**Task objective:** From the first line to the last, copy the material word for word; pictures stay out.
BEGIN Recorded information
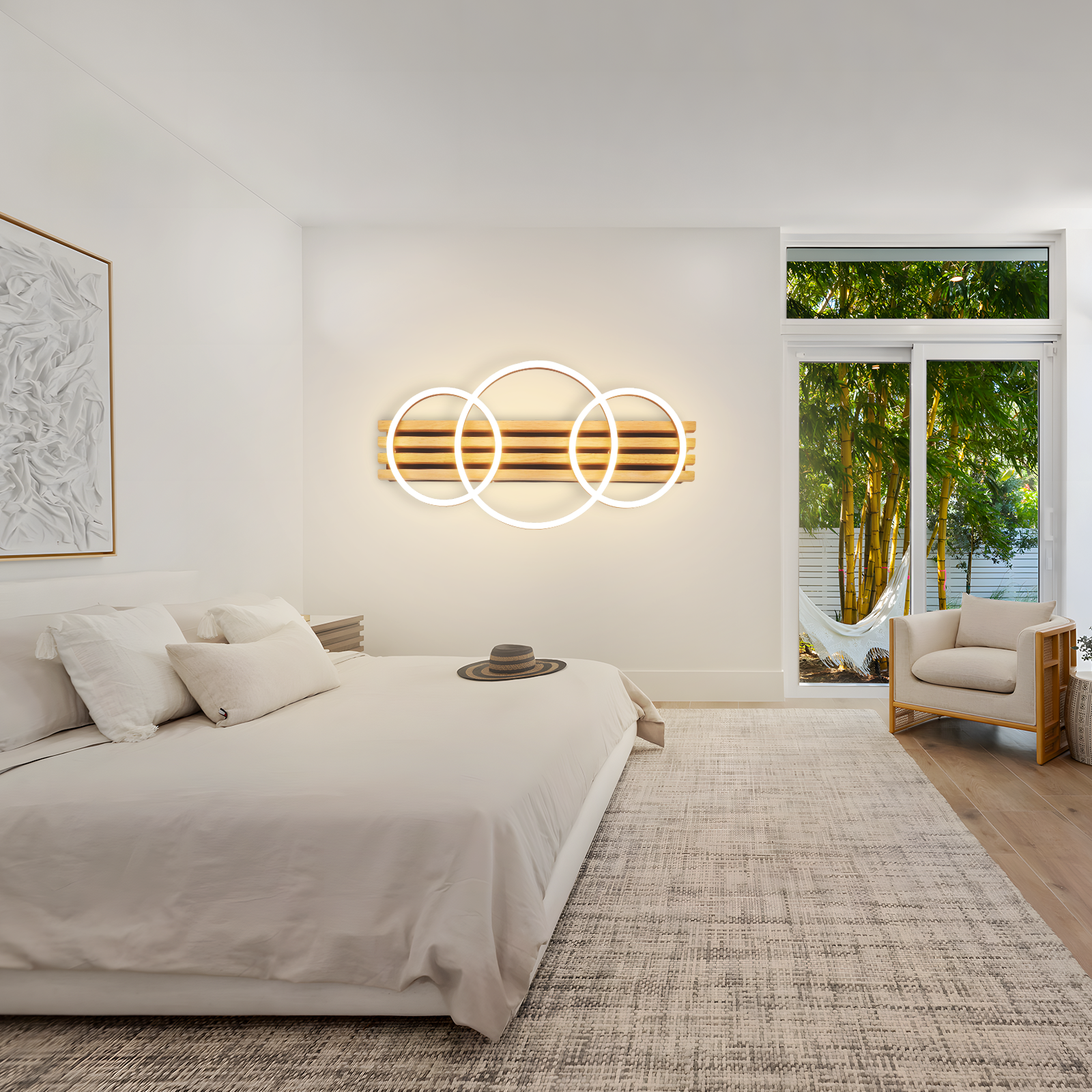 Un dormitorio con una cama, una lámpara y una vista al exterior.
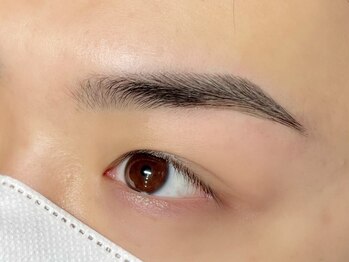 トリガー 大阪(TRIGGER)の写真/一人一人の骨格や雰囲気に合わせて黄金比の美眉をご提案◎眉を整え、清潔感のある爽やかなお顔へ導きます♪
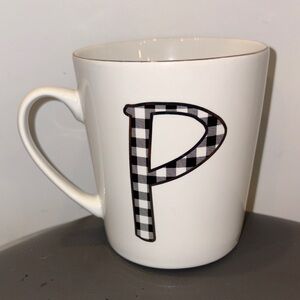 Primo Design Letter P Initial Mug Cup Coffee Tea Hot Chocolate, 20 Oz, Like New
END Recorded information
**Response area:**
 Un dormitorio con una cama, una lámpara y una vista al exterior.
 トリガー 大阪(TRIGGER)の写真/一人一人の骨格や雰囲気に合わせて黄金比の美眉をご提案◎眉を整え、清潔感のある爽やかなお顔へ導きます♪
 Primo Design Letter P Initial Mug Cup Coffee Tea Hot Chocolate, 20 Oz, Like New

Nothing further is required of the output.